Os editais lançados pela Secretaria Municipal de Cultura de Dias d’Ávila para aplicação de recursos da Política Nacional Aldir Blanc (PNAB) têm sido motivo de questionamento entre agentes e produtores culturais do município. As dúvidas surgem principalmente pela baixa concorrência — ambos os certames tiveram apenas um único habilitado — e pelas coincidências de vínculos religiosos e institucionais entre os contemplados e o secretário da pasta, Júlio da Silveira Reis Júnior (PSDB), conhecido como Júnior de Araci.

Antes da publicação dos editais atualmente em vigor, a Secretaria cancelou um edital anterior alegando a necessidade de “garantir a participação de candidatos ligados ao segmento gospel”. Entretanto, produtores culturais ouvidos afirmam que o documento cancelado não apresentava impedimentos à participação desse público.
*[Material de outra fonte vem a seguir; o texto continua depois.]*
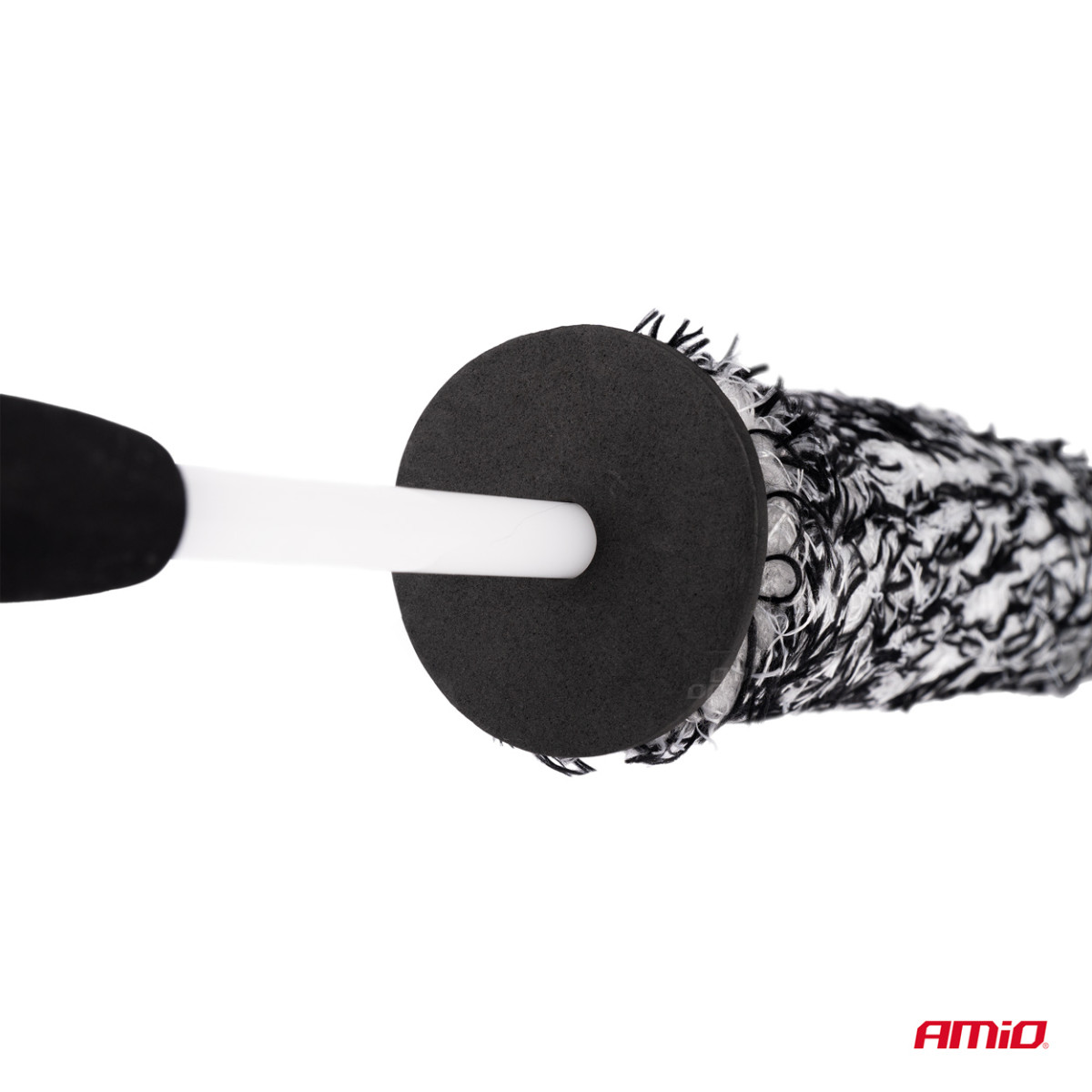 Konisk hjulborste 44 cm AMIO-04025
A medida passou a ser interpretada por parte da classe cultural como um ajuste capaz de influenciar o perfil dos contemplados. Além disso, uma das empresas beneficiadas nos editais seguintes foi aberta cerca de um mês antes da abertura das inscrições, o que intensificou os questionamentos.
No Edital nº 04/2025 – “Capacita Cultura”, com repasse previsto de R$ 27.280,63, o único habilitado foi Eric Carvalho, cantor gospel com 76,6 mil seguidores e coordenador de jovens da Igreja do Evangelho Quadrangular. O secretário de Cultura também é pastor e liderança na mesma denominação. Para agentes culturais, a combinação entre ausência de concorrência e vínculos institucionais indica possível favorecimento, embora não haja evidência formal de direcionamento.
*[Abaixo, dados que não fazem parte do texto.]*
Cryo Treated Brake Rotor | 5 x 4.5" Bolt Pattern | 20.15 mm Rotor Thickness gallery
Situação semelhante ocorre no Edital nº 05/2025 – “Influencer Digital Cultural”, estimado em R$ 27 mil, no qual o único habilitado foi Alcides Reis Santos Junior, conhecido como Pastor Junior Santos, influenciador gospel com mais de 400 mil seguidores. A reportagem identificou que a esposa do secretário, servidora da própria Secretaria de Cultura, aparece em conteúdos publicados pelo influenciador. O edital também exigiu como critério mínimo possuir pelo menos 300 mil seguidores, número que coincide diretamente com o perfil do selecionado — fator que pode ter restringido a competitividade entre demais comunicadores e artistas locais.
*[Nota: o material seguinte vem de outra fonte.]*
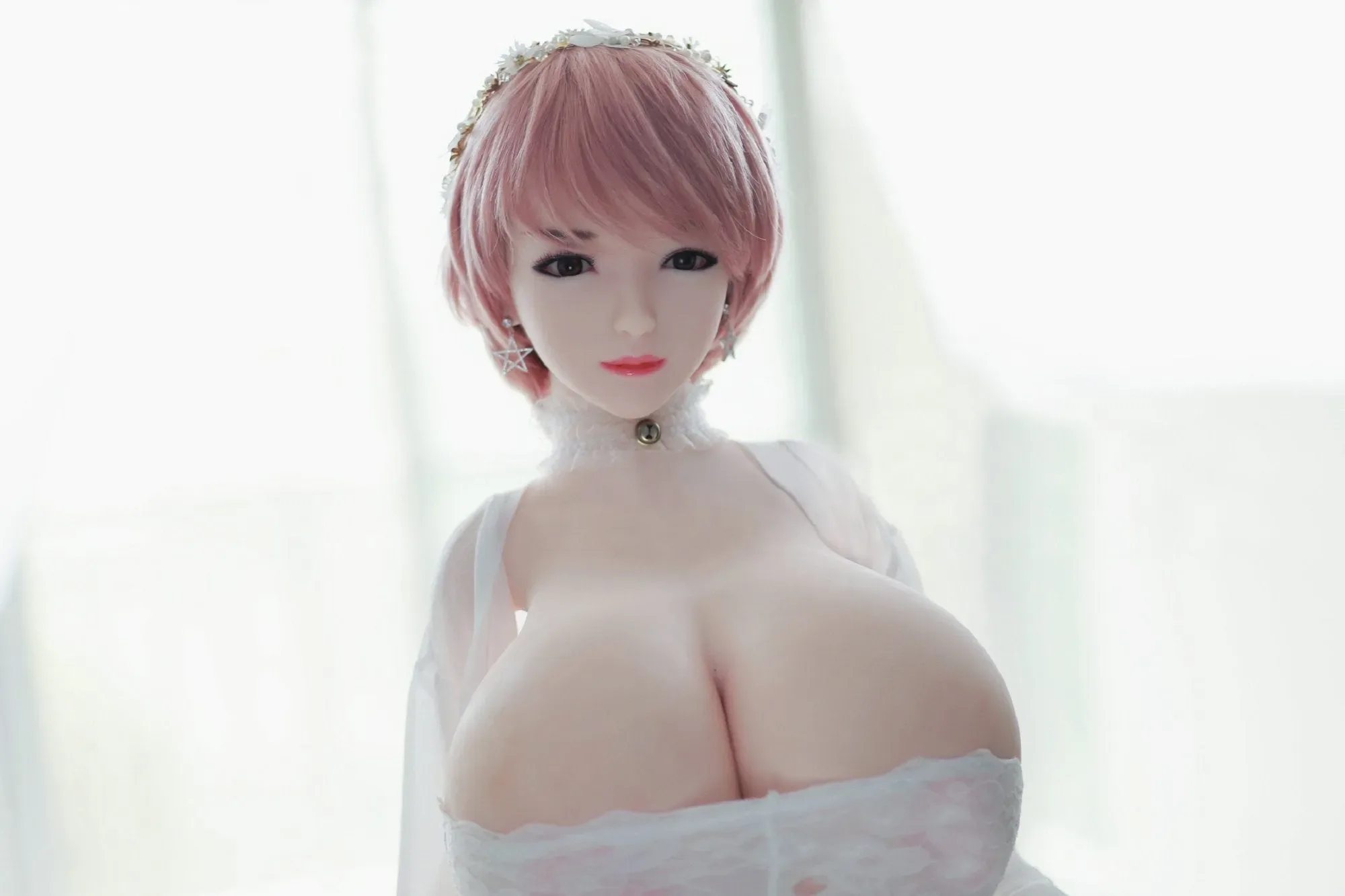 JY Doll | Aiko - Huge Breasts Sex Doll of 4ft 7 (140cm) view 3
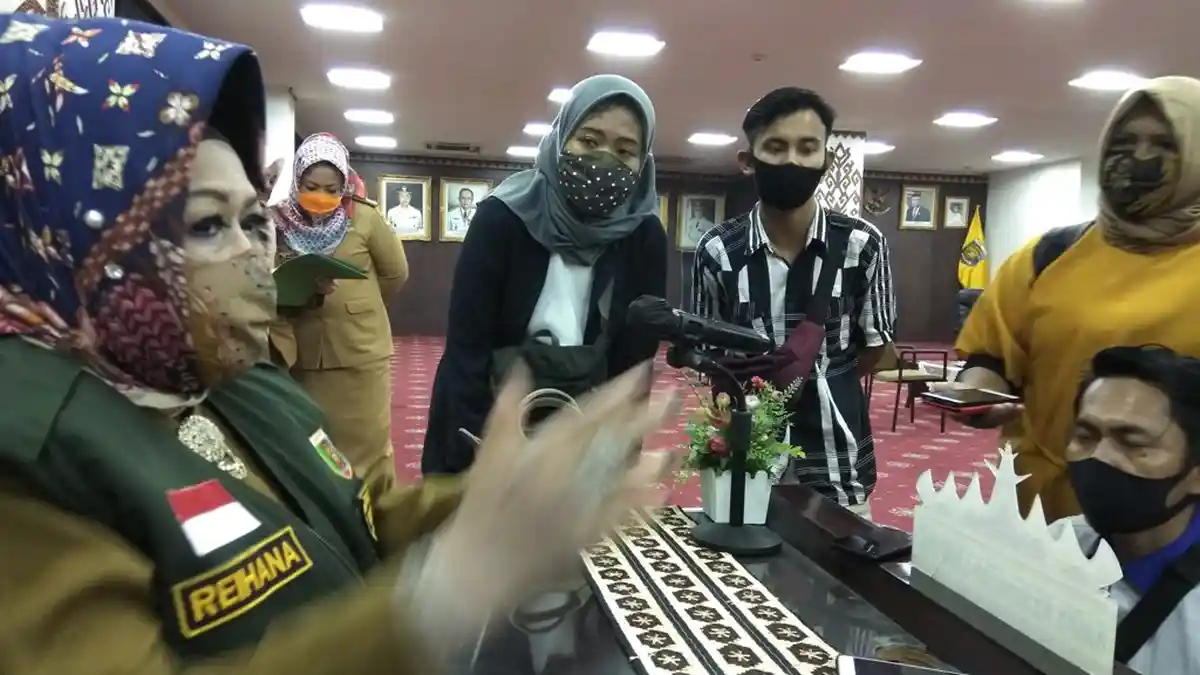 25 Pasien Covid-19 di Pesisir Barat dari 1 Perusahaan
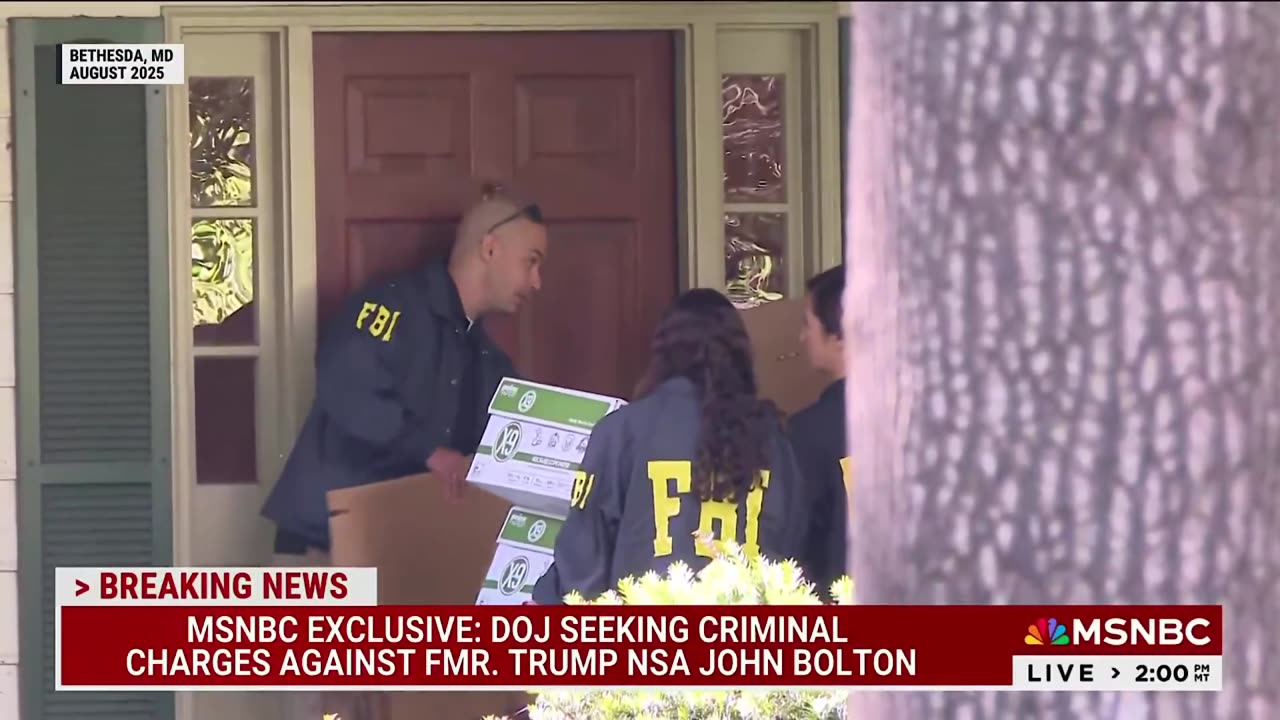 Disgraced deep state warmonger John Bolton is expected to be charged NEXT WEEK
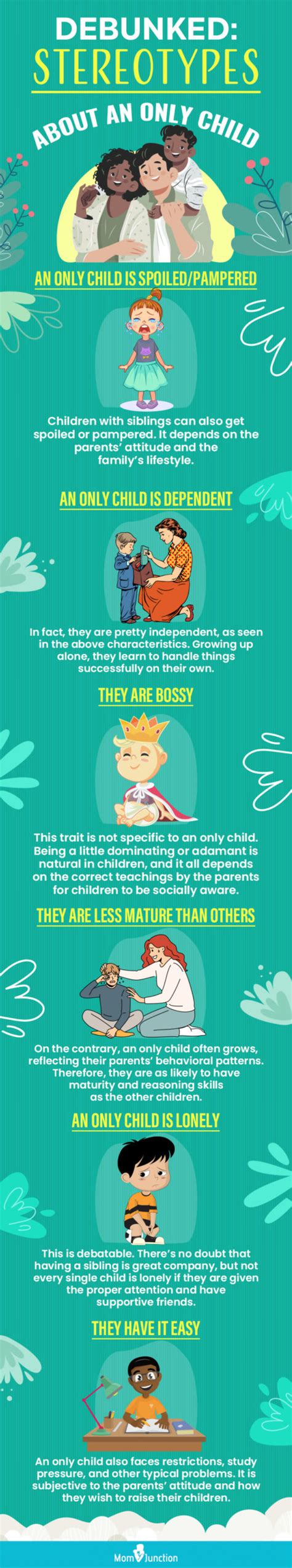 8 Characteristics That Make Only Child Syndrome Real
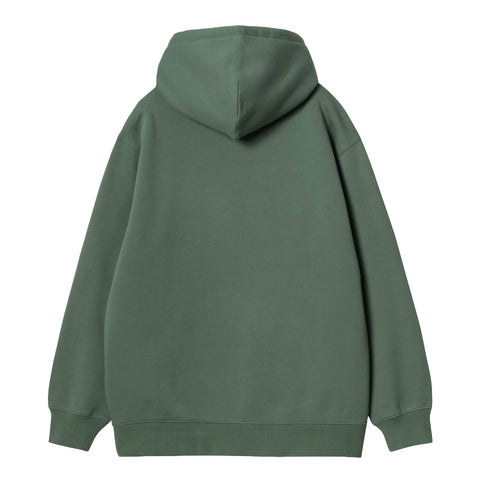 Carhartt Wip Women's Hoodie Carhartt Green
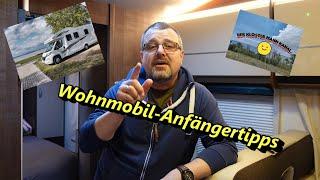 Vermeide Anfängerfehler bei deiner ersten Wohnmobil-Tour: Einfache Tipps für Wohnmobil-Einsteiger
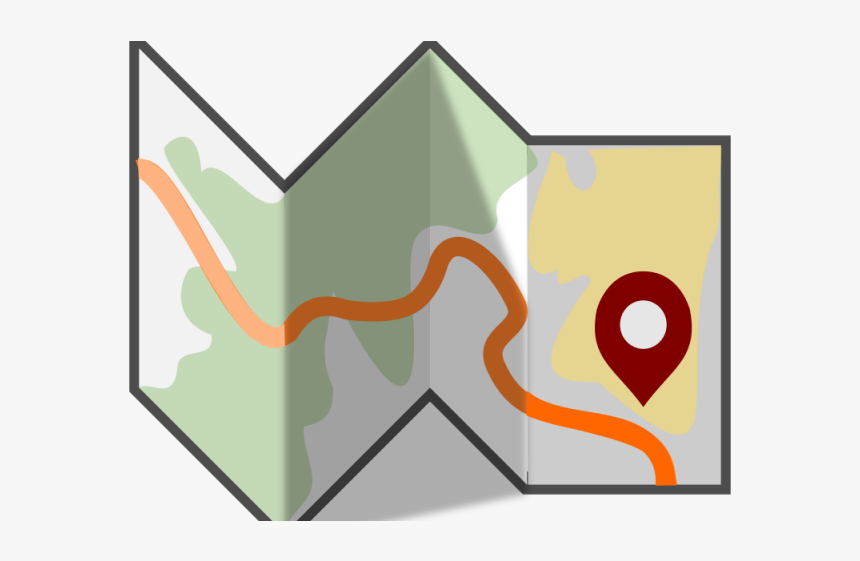 Detail Map Clipart Nomer 5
Além disso, os prazos de inscrição foram de apenas cinco dias úteis, com exigência de entrega presencial de documentos, conta bancária exclusiva e diversas certidões. Pesquisadores destacam que tais restrições tendem a limitar o acesso de artistas independentes e coletivos periféricos — públicos historicamente priorizados pela PNAB.
Especialistas em políticas culturais afirmam:
“Quando dois editais diferentes resultam em um único contemplado cada, ambos ligados ao mesmo grupo religioso e ao próprio gestor da pasta, o sinal de alerta é evidente. É preciso reavaliar os critérios e a condução do processo, porque política cultural deve garantir acesso amplo, não servir a um círculo restrito.”
A Secretaria Municipal de Cultura, Eric Carvalho e Alcides Reis Santos Junior foram procurados pela reportagem. Até o fechamento desta edição, não houve retorno. O espaço permanece aberto para esclarecimentos.